Government figures show that there were 420 collisions on British roads in 2019 in which the driver was using a mobile phone at the wheel. Separate figures show that failure to wear a seatbelt has been attributed to one in four road deaths. National Highways Head of Road Safety Jeremy Phillips said:
“Safety remains our top priority and we want everyone to get to their destination safely.
Sadly, there are still drivers who do not feel the need to wear a seatbelt, become distracted by their phones or travel too close to the vehicle in front. We want to see if we can change driver behaviour and therefore improve road safety for everyone. Our advice is clear; please leave enough space, buckle up and give the road your full attention.”
Dr Jamie Uff, Technical Director – Strategic Consultancy, Transportation, AECOM, said:
“Despite the often-reported dangers of distracted driving and failing to wear seat belts, the numbers of people killed or seriously injured as a result of these behaviours remain high.
The technology AECOM is deploying makes detection straightforward and is providing valuable insight to the police and policy makers on the current level of road user behaviour. We are really keen to use this equipment to raise awareness and help improve road safety for all.”
Inspector Jem Mountford of Warwickshire Police said:
“We are really excited to see the impact that this new technology has on the behaviour of drivers in Warwickshire. Our officers deal with the tragic circumstances of collisions where often innocent people have been killed or seriously injured because a driver was distracted by a mobile phone or someone was not wearing a seatbelt.

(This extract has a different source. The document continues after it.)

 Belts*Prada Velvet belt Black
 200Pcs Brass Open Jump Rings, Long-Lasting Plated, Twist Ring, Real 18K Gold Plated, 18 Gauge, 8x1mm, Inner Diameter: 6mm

These collisions are preventable but we need all road users to do the right thing and comply with the law to make our roads safer.
During the trial the most serious breaches may be prosecuted, with others receiving warning letters, giving us the opportunity to explain how they have been caught and asking them to change their behaviour. Next time they may not be so lucky.”
Around 25% of road deaths were linked to not wearing a seatbelt in 2018. In the same year, 117 people were killed or seriously injured in a collision where the driver was found to have been distracted. A recent trial of new static road side tailgating cameras on a stretch of the M1 captured 60,343 occasions of vehicles driving too close, in just one year.
The advice from National Highways is clear: leave plenty of space, buckle up and leave your phone alone. AECOM previously worked with Acusensus (road safety AI specialists) to trial a fixed camera that could detect drivers not wearing seatbelts and holding a mobile phone. The fixed camera was installed on the M4 in Berkshire last year and detected nearly 7,000 people failing to belt up and over 25,000 drivers holding their mobile phone in just six months.
It was the first time this technology has been used anywhere in the UK. The same system was deployed for the first time in New South Wales, Australia, in 2019. Over the last two years there has been a significant and sustained reduction in road fatalities compared with other states and territories in Australia.
Separately, National Highways trialled new tailgating cameras on a stretch of the M1 near Northampton. They captured 60,343 instances of vehicles driving too close in one year (October 2020 to September 2021). Although the research is funded by National Highways, enforcement of motoring offences will remain a matter for individual police forces.
National Highways also operates three HGV cabs that are used by police to monitor driving on the strategic road network.
Around 250 dangerous drivers a month are caught as part of the Operation Tramline programme, with handheld mobile phone use and not wearing seatbelts being some of the top offences identified by police.